C'est exactement comme cela que j'ai toujours perçu ces fameuses "dictarures carnavalesques" de JMC (visibles dans Tanguy, Buck Danny, Dan Cooper, Marc Dacier), avec ses généraux d'aviation aux tenues dignes d'Hermann Goering, et ses pilotes affublés de patronyme et prénoms nordiques (scandinaves ou balkaniques) et de mines patibulaires (surtout dans Tanguy et Laverdure, mais il s'agissait à mes yeux toujours du même ennemi) : comme une représentation métaphorique de l'ancien bloc de l'Est.
(Hergé avait eu recours quant à lui à la Syldavie et à la Bordurie)
JYB a écrit :
il faudrait pouvoir retrouver les propos de Jean-Michel Charlier lui-même qui parlait de ses démêlés avec la censure dans les années cinquante. Il s'agit de la censure française, et JMC parlait de convocations par un certain M. Barbaride, dans un bureau d'un département ad hoc du ministère de la Justice, chargé de faire appliquer la loi de 1949 sur les publications destinées à la jeunesse (en clair : les BD).

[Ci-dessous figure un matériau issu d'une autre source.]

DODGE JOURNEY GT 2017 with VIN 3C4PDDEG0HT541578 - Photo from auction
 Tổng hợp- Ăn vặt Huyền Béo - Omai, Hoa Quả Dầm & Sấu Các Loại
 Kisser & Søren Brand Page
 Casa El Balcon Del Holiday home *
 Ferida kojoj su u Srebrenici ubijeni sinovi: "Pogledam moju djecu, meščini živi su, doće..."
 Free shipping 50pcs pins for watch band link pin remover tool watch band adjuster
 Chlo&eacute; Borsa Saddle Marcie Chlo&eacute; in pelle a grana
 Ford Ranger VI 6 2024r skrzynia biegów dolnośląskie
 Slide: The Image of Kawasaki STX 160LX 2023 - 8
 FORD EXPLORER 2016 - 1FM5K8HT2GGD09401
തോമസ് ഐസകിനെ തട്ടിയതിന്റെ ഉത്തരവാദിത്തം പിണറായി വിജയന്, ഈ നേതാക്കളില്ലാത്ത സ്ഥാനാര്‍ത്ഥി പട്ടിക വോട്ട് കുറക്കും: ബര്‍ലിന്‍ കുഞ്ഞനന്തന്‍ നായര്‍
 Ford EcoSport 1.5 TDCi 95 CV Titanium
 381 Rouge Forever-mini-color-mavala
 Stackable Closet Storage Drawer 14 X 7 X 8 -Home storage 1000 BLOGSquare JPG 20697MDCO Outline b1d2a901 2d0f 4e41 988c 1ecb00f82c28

Car ce n'est pas tant "le reflet de la politique étrangère américaine dans Buck Danny" qu'il faut analyser, mais plutôt la vision qu'en avait Charlier - à travers de simples oeuvres de fiction comme le rappelle Lima Bravo - et surtout la vision, déformée et/ou imposée par la censure, que Charlier devait coller dans ses scénarios - du moins tout le temps que cette censure eut assez d'autorité pour l'obliger à revoir sa copie... De toute façon, cette "pression" de la censure fut telle que Charlier se méfia longtemps de sujets délicats comme la guerre du Viet-Nam, 15 ans après celle de Corée.
Charlier, de son propre aveu, et à plusieurs reprises, a déploré avoir dû laisser de côté la Guerre du Vietnam, alors que ce conflit devait, toujours selon lui, fournir les meilleurs scénarios de Buck Danny.
Cette fameuse censure, avec du recul, apparaît d'autant plus incompréhensible : il ne semble pas en effet que ce fut pour des raisons d'ordre diplomatique que l'Union Soviétique n'était quasiment jamais mentionnée et les guerres de Corée et du Vietnam sujets tabou.
Car à la même époque, la littérature d'espionnage Française était florissante et la plupart des séries populaires mettaient en scène des agents secrets appartenant à des services de renseignements occidentaux (OSS 117, Coplan, SAS, etc... OSS, CIA, SDECE, MI5, etc...) et combattant ouvertement les menées subsversives du bloc de l'Est, allant souvent même jusqu'à intervenir derrière le Rideau de Fer pour mener à bien leur mission, sans que la censure s'en préoccupât. Et le cinéma Français ne fut pas en reste pour dépeindre la Guerre Froide ou des conflits modernes.
Seuls les auteurs d'oeuvres destinées officiellement à la Jeunesse semblent avoir donné lieu à ces brimades.
Et en ce sens, la loi de 1949 sur les publications destinées à la Jeunesse relève de l'absurdité totale : on interdit à Morris de dessiner une danseuse de saloon trop dénudée, on convoque JMC chez Monsieur Barbaride, pour préserver nos "chères têtes blondes" de toute pornographie ou de toute influence politique, alors que dans le même temps, devant un poste de télévision, le même gamin verra en famille (souvent de façon moins suggestive, drôle ou caricaturale) tout ce qu'on ne doit pas lui montrer dans un magazine ou un album de BD.
Mais grâce à des codes et astuces de narration spécifiques à la BD, la plupart des auteurs, à l'instar de JMC ou d'Hergé, sont parvenus à contourner l'obstacle.
Comme beaucoup de lecteurs, c'est essentiellement avec la lecture de l'épisode "Les Agresseurs" que j'ai senti un changement dans la série Buck Danny et pressenti que notre colonel affronterait moins de généraux d'opérette à l'avenir.